Whenever a grass-roots genre gets big enough to have its own stadium acts, corporate appropriation isn’t far behind. In November, Friskies cat food hosted an Internet cat-video awards ceremony; last month, Clorox-owned litter giant Fresh Step convened a cat-video screening at the Sundance Film Festival. “Keyboard Cat,’’ again at the vanguard, appeared in the first Internet cat-themed pistachios commercial in 2010.
“We already knew how popular cat content is. We’d have people submit their cat pictures to our Facebook page and get thousands of comments,’’ said David Kargas, a Fresh Step spokesman, explaining how his firm decided to embark on their Sundance project. “Cat videos have a lot of things going for them, but the one thing they’ve been missing is critical acclaim. We wanted to elevate cat videos to [the level of] art house films.”
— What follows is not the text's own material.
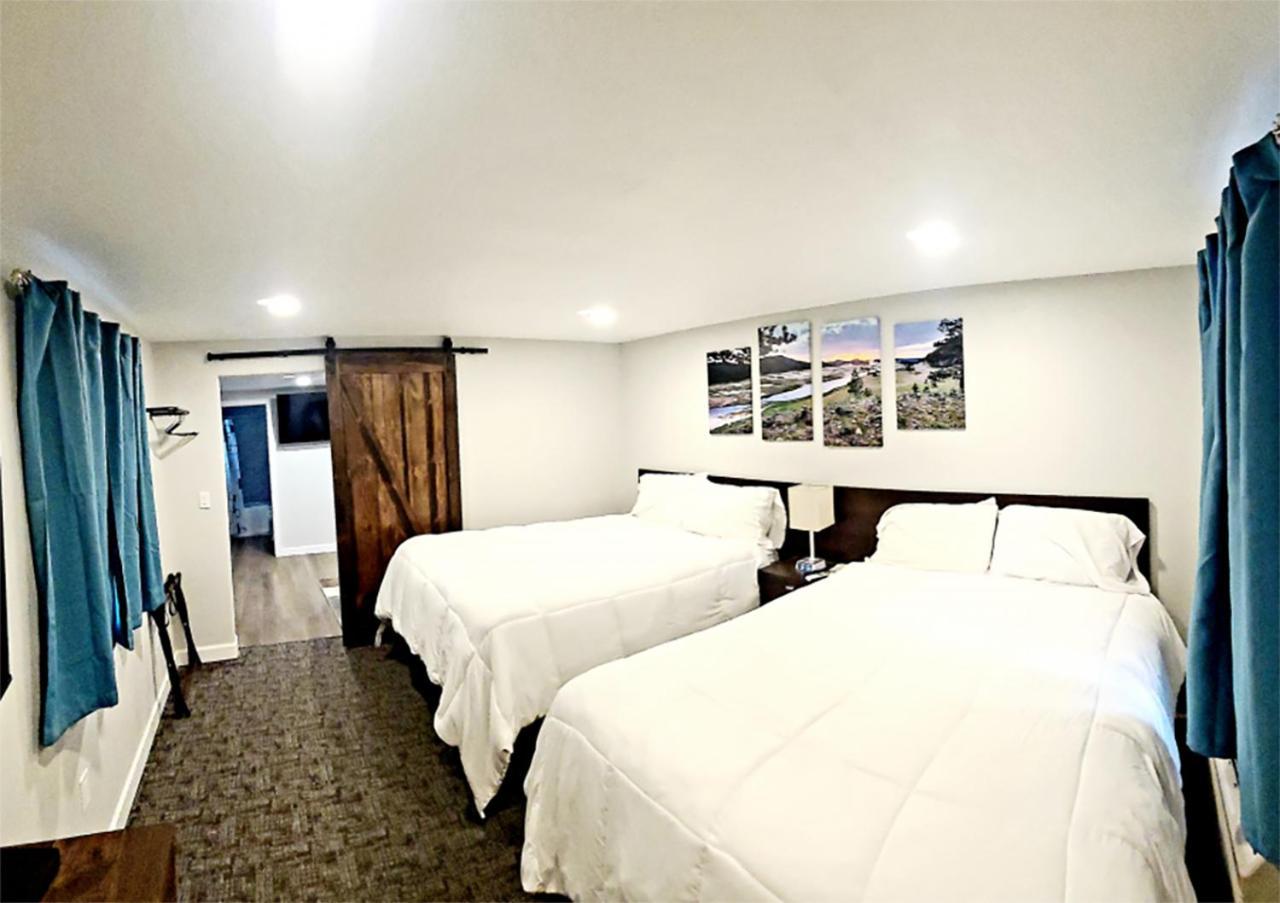 Motel Snowy Mountain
Seattle-based cat director William Braden straddles a line between auteur and sellout. His black-and-white films of Henri, a diffident longhair tuxedo, gained a following for their protagonist’s miserablist worldview (“I am a depressive realist.’) and subtitled French narration, amusingly reminiscent of French new wave films of the late 1950s and ’60s. The Henri films have won the praises of Roger Ebert, as well as both the Walker’s coveted Golden Kitty Award and a lifetime achievement award from Friskies, a company for which Braden will soon make a series of sponsored videos. Random House imprint Ten Speed Press will publish “Henri, le Chat Noir: The Existential Musings of an Angst-Filled Cat” in April.
Braden has two words for any Somerville cat-video director who wakes up the day after the Copy Cat Festival to find his Fluffy is the next Internet sensation: social media. “I post something every day,” Braden says, explaining how he makes a living from a cat. In addition to his YouTube channel, Henri has a Twitter account, a Facebook feed, a website, and an Amazon author page. “Before Henri, I was just a video guy for hire,” Braden says. “I feel almost guilty having a cushy job like this.”
South Boston resident Coco Koh and her cat, Jacoby, tasted fame in early November when perplexed commuters snapped photos of the Abyssinian wearing a cowboy outfit while riding in a stroller on the Red Line at rush hour and a hashtag, #strollercat, was born. Local news outlets declared Stroller Cat an Internet sensation, and the Boston Herald put him on the front page, but the verdict was premature.
“The election came, and it got lost,” Koh said. She saw her blog readership dwindle from about 1,000 daily views down to about 150. She has given Copy Cat Festival organizers photos of Jacoby — a fraction of those compiled on her blog, The Daily Abyssinian — in hopes of reigniting his career. “My friends thought he should be a commercial, maybe a pistachio ad: ‘Stroller Cat does it on the go!’ I thought we should get him on ‘Letterman,’ ” she said. Another dream: plush toys. “Maru has one. . . . Why can’t Jacoby?”
Koh isn’t the only Bostonian who dreams of projecting images of her pet to a rapt audience of cat fanciers. The Somerville Arts Council received well over 100 e-mails containing up to 40 photos each. The number of hopeful participants likely has something to do with the overwhelming response to the festival: 300 tickets sold within the first 24 hours, warranting a second show.
Clea Simon, a Somerville author of a cat mystery series and a nonfiction title, “The Feline Mystique,” will take the stage to read from her recent novel, “Cats Can’t Shoot.” She’s not at all surprised by her community’s enthusiasm. “People interact with dogs as they do with children, but having a cat is like having an interesting adult roommate from another culture — they’re sort of independent, and they just can’t communicate,” she said. “The festival is like our exchange program.” And besides, she said, referring to the city’s makeover plans for itself: “Somerville is the city of the future, so it makes sense that we acknowledge our feline overlords.”